What is required: This exercise calls for retyping every line below exactly, with the images omitted.

Data segment:
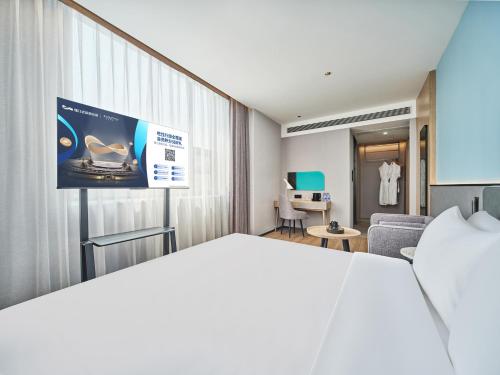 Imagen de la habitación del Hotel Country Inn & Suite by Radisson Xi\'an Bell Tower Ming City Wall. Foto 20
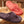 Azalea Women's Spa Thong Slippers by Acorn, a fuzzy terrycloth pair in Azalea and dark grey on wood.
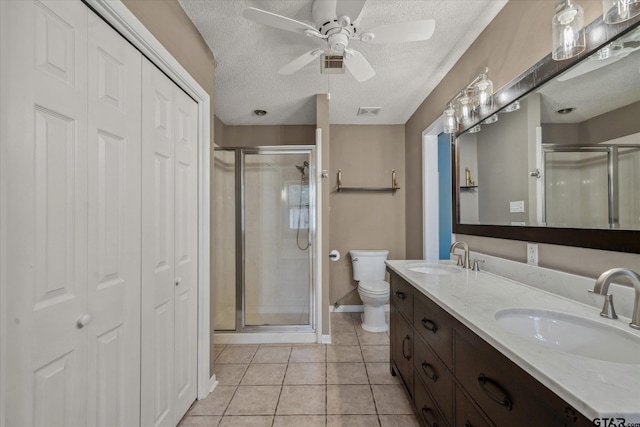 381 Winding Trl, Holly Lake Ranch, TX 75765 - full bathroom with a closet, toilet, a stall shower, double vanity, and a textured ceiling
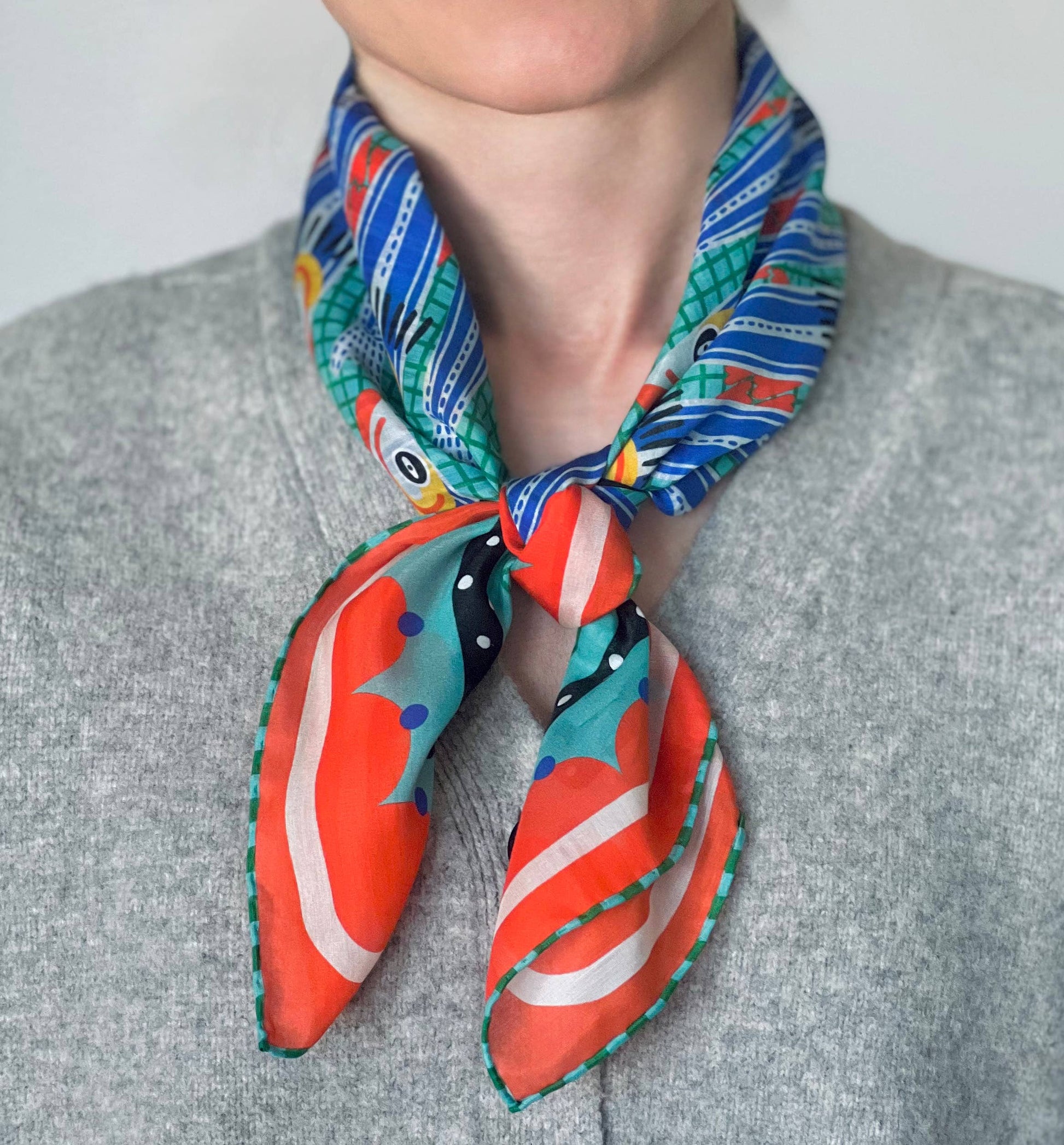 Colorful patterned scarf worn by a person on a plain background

Response below:
 Imagen de la habitación del Hotel Country Inn & Suite by Radisson Xi\'an Bell Tower Ming City Wall. Foto 20
 Azalea Women's Spa Thong Slippers by Acorn, a fuzzy terrycloth pair in Azalea and dark grey on wood.
 381 Winding Trl, Holly Lake Ranch, TX 75765 - full bathroom with a closet, toilet, a stall shower, double vanity, and a textured ceiling
 Colorful patterned scarf worn by a person on a plain background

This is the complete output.